Requirement: The listing below is to be written out word for word, minus its images.

Raw data:
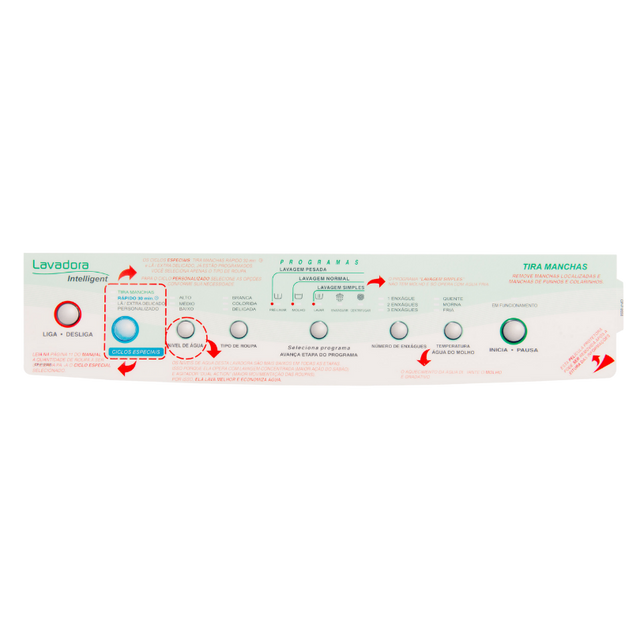 Painel Decorativo Brastemp p/ Lavadora BWQ22D / BWT22 - CP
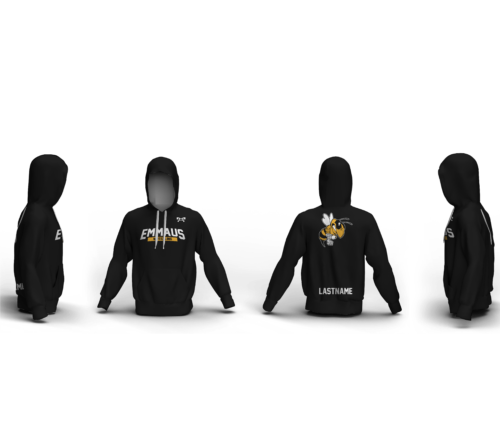 EMMAUS WRESTLING BLACK Sublimated Hoodie 2024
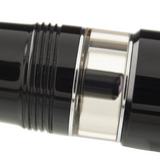 Aurora 88 Black with Chrome Cap Fountain Pen (LARGE)
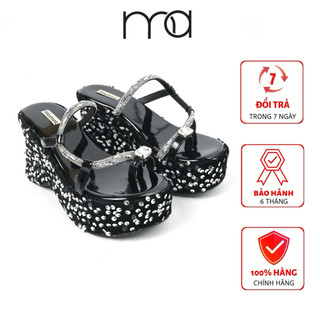 Dép Xuồng Kim Sa, Quai Xỏ Đính Xoàn 9cm MA Shoes D4742 - Chất Liệu Cao Cấp, Chống Trơn Trượt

Task solution:
 Painel Decorativo Brastemp p/ Lavadora BWQ22D / BWT22 - CP
 EMMAUS WRESTLING BLACK Sublimated Hoodie 2024
 Aurora 88 Black with Chrome Cap Fountain Pen (LARGE)
 Dép Xuồng Kim Sa, Quai Xỏ Đính Xoàn 9cm MA Shoes D4742 - Chất Liệu Cao Cấp, Chống Trơn Trượt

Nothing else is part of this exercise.